A suspension order is publicised for the period of suspension and a subsequent two years from the date of reinstatement.


59.   The Committee decided that a reprimand or penalty order is not sufficient to protect the reputation of the profession. However this was behaviour that in the view of the Committee is fundamentally incompatible with Mr Williams continuing to be an architect.


60.   Erasure orders:


Any individual erased from the Register is not permitted to use the title ‘Architect’ in business or practice [nor make any reference to membership or fellowship of RIBA.] An erasure order is publicised for a period of five years after the date of sanction.


An erasure order may be imposed by the Committee for those offences that are so serious that only a permanent removal from the Register will protect the public and/or the reputation of the profession. Erasure from the Register is permanent, though an application may be made to the ARB for re-entry after no less than two years. The Committee may make a recommendation as to a minimum period of time before such an application should be considered.
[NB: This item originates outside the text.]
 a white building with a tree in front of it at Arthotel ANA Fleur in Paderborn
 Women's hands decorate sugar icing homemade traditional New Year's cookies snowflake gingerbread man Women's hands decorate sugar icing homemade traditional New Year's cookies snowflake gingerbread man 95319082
This sanction may be considered where the following factors are present (this list is not exhaustive):


–                      A serious criminal offence

–                      Behaviour that is fundamentally incompatible with continuing to be an architect

–                      The PCC lacking confidence that a repeat offence will not occur

–                      Dishonesty or a severe lack of integrity

–                      A persistent lack of insight into the seriousness of actions or consequences

–                      Non-payment of a previously imposed penalty order


61.   This was a serious criminal offence of dishonesty. Only barely did Mr Williams escape a custodial sentence, and the Judge’s sentencing remarks indicated that he thought erasure would follow. This was a premeditated course of dishonesty, motivated, according to the sentencing Judge, by greed.


62.   The only possible sanction in this case is one of erasure, and the Committee so orders. The Committee’s recommendation as to a minimum period before an application can be made for readmission to the Register is five years.